Investigating genetic and environmental factors impacting potato dormancy and assessing management strategies to control potato sprouting during storage

Sprouting during potato storage must be controlled as it leads to a decrease in tuber weight, a reduction in nutritional and processing quality, and consequently economic losses. To avoid losses during storage, chlorpropham (CIPC) has been extensively used for decades due to its high efficiency and affordability to mitigate potato sprouting. However, because CIPC and its major metabolite are a potential risk to human health, CIPC has recently been removed from the European market (EU regulation 2019/989).
Consequently, the main objective of this thesis was to find economically suitable and sustainable management strategies to control potato sprouting.
In this thesis, the influence of year, location and variety factors on potato dormancy was assessed. The analysis was performed using 3,379 records of multi-environment trials collected in Switzerland in five different locations with contrasting environments, over 25 years. In total, 537 genotypes were tested. The potential to predict potato dormancy of 247 predictors (i.e., environmental factors and management during the growing season variables) was evaluated using a forward selection approach to select a model predicting the duration of dormancy. Variety was the most important variable to explain the variability in dormancy (60.3 %), while year and location explained 13.9 % and 5.4 % of the dormancy variability, respectively. The selected predictive model used the variety class and a parameter related to the temperature of the growing season as predictors. The importance of the temperature parameter was confirmed by a greenhouse trial.
In order to find alternative anti-sprouting treatments, the potential to control potato sprouting of several synthetic pre- and post-harvest molecules was investigated (i.e., Maleic hydrazide (MH); 1,4-Dimethylnaphtalene (1,4-DMN); 3-decen-2-one and CIPC) and compared to an untreated control. The potential of 1,4-DMN and 3-decen-2-one post-harvest treatments to reinforce the efficacy of MH pre-harvest treatment was also investigated. Residue analyses were performed at the end of the storage. Results showed that all pre- and post-harvest treatments significantly mitigated sprouting for up to seven months of storage. The efficacy of the tested molecules to reduce the sprout weight in comparison to the untreated control was 86.9 %; 77.9 %, 73.6 % and 99.8 % for the MH; 3-decen-2-one, 1,4-DMN and CIPC molecules, respectively. The advantage of the 3-decen-2-one treatment is that it leads to complete necrosis of sprouts within 24 hours after treatment and it can be used as a curative treatment to save potato stocks that have already sprouted. In this study, results showed that there was no benefit to combine pre- and post-harvest treatments to mitigate sprouting. A variety-dependent effect of sprouting and treatment efficacy was observed. In addition, no residue of 1,4-DMN was observed in treated tubers (< LOQ), while residues of both CIPC and MH were found in treated tubers.

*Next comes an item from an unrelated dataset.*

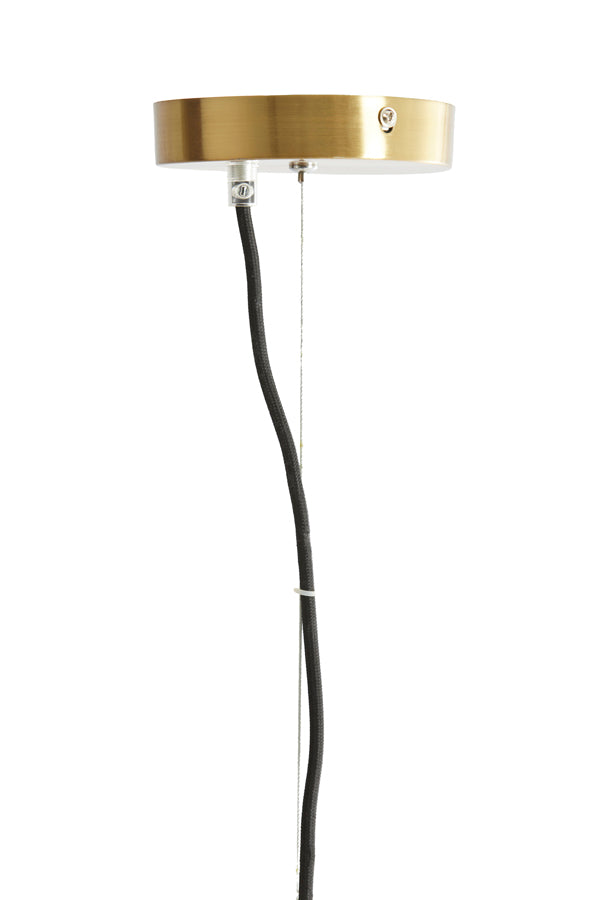 Hanging lamp 48 cm MAGDALA glass clear+gold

The efficacy of natural molecules to mitigate sprouting was also evaluated and compared to an untreated control. The tested natural molecules were L-carvone, D-limonene (i.e., mint and orange essential oils, respectively) and ethylene. All the tested molecules efficiently controlled sprouting for up to five months of storage at 8 °C. These natural molecules are advantageous because they are authorized to treat potatoes in organic farming and they can so far be used without a maximum residue limit in the final product.
As an alternative or complementary approach, the potential of cold storage (i.e., at 4 °C) to mitigate sprouting after 4.5 months of storage in comparison to storage at a higher temperature (i.e., 8 °C) was evaluated for six processing potato varieties (Lady Claire, Verdi, Kiebitz, Pirol, Agria and Markies). The CIS-ability of these six potato varieties was evaluated by measuring relevant determinant parameters for the industry (e.g., acrylamide content, sucrose content, RS or crisp color quality) after two and/or four months of storage at 4 °C and 8 °C. The potential of reconditioning at 15 °C after a cold storage at 4 °C to decrease total RS, glucose and acrylamide contents in potato tubers was also evaluated. Vacuolar invertase (VInv) gene expression level was measured in tubers stored at 4 °C, at 8 °C and reconditioned at 15 °C. Results showed that a storage at 4 °C efficiently mitigates sprouting in the six tested varieties for up to 4.5 months of storage. Three CIS-resistant varieties were identified (i.e., Lady Claire, Verdi and Kiebitz) and displayed a low total RS and/or glucose content for up to four months of storage at 4 °C. In addition, the reconditioning efficiently reduced the glucose content and the Vinv gene expression in the Markies variety after storage at 4 °C. Several correlations have been observed between glucose or RS content and VInv gene expression.
Based on the results obtained in this thesis, several potato management strategies are proposed to mitigate sprouting for different sprouting pressure scenarios.